I reached out with my gifts, seeking the desires of the Fae closest to me, feeling none beyond the carefully disguised stone wall ahead - though someone was suffering through hunger pangs further into the fortress.
The shadows of the trees stretched out like grasping fingers reaching for the fortress and I kept hidden within them as I crossed the barren land which marked the edge of the woods.
I forced myself to move slowly, to rely on the magic that concealed me. A patch of creeping shadow wouldn’t draw the eye but a blur of racing darkness certainly might.
The beats of my heart felt like the ticking of a clock as I slipped closer to enemy lines, the knowledge that I was alone striking me with every solid tick.
I’d crossed into Pyros, Cascada and Avanis all on more missions than I cared to count.
But never like this. Never without Moraine and Dalia cackling in the darkness at my back.
Never without their blades watching over me and their keen wit lighting the darkest of moments.
My loneliness was all that kept me company now.
My fingers tightened around the hilt of my blade, my desire for vengeance making me crave bloodshed despite the need for subtlety. I couldn’t be caught here. I was outnumbered and too easily recognised but still the ache of war rang out in my bones.
I slipped across the open ground to the edge of the rock face which hid the secret dwelling and began to creep along its outer edge.
The pungent scent of herbs caught my attention as I crept along the cold stone, following the aroma until I found myself at the edge of a haphazard kitchen garden.

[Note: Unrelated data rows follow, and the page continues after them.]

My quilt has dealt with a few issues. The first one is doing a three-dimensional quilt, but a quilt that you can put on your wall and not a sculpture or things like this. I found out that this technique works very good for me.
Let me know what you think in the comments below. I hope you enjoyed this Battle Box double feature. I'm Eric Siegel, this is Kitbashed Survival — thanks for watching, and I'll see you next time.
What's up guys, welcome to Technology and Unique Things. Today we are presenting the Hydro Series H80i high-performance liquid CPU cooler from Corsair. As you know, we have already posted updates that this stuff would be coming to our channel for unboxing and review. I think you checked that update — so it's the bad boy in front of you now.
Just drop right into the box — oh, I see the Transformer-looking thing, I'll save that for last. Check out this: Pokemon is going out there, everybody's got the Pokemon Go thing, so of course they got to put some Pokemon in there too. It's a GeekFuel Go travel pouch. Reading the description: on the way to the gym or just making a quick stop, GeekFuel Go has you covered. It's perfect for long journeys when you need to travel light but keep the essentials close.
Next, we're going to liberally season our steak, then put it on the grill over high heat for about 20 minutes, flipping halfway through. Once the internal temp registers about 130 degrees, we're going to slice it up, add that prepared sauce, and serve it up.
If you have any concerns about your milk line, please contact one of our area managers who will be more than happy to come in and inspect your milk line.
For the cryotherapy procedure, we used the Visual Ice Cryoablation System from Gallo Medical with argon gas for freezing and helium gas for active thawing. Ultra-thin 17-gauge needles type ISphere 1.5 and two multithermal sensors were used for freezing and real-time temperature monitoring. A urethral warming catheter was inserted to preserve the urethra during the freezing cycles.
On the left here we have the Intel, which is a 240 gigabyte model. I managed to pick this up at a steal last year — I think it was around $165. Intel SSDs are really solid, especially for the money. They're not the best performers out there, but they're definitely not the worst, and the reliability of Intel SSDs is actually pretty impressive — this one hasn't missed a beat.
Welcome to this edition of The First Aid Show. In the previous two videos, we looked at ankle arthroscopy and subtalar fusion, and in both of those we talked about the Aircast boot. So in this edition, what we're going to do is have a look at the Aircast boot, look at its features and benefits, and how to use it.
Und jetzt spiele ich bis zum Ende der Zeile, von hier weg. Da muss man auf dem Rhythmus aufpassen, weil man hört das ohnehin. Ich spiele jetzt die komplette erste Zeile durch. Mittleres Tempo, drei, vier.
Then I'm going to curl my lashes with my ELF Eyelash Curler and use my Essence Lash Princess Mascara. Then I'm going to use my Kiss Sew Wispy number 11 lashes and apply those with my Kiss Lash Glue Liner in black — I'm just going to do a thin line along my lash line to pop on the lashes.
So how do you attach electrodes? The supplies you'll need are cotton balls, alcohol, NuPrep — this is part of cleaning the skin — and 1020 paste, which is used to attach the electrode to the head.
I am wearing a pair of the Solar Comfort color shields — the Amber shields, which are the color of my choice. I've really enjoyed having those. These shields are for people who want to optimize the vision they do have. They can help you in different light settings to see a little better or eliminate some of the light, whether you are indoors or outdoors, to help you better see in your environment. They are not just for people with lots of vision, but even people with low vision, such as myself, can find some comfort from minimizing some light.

My stomach rumbled as I took in the rosemary, thyme, mint and sage clinging to life in this barren place.
There were carrots and potato plants too, an apple tree still holding on to a handful of fruit, broccoli and cabbages disguised between the shadows.
They weren’t laid out in lines and no attempt had been made to remove the weeds which grew between them, no doubt to conceal this place from notice if anyone were to pass overhead and spy it.
But I’d spent enough time hungry in my childhood to easily recognise each promise of sustenance.
As I stepped into the small garden, I plucked a sprig of wormwood from a scraggly bush, temptation tugging at me to use it and try to commune with the dead.
The Flamebringers probably put it in tonics and healing salves but I’d watched Moya whisper with ghosts with the aid of it enough times to understand how it was done.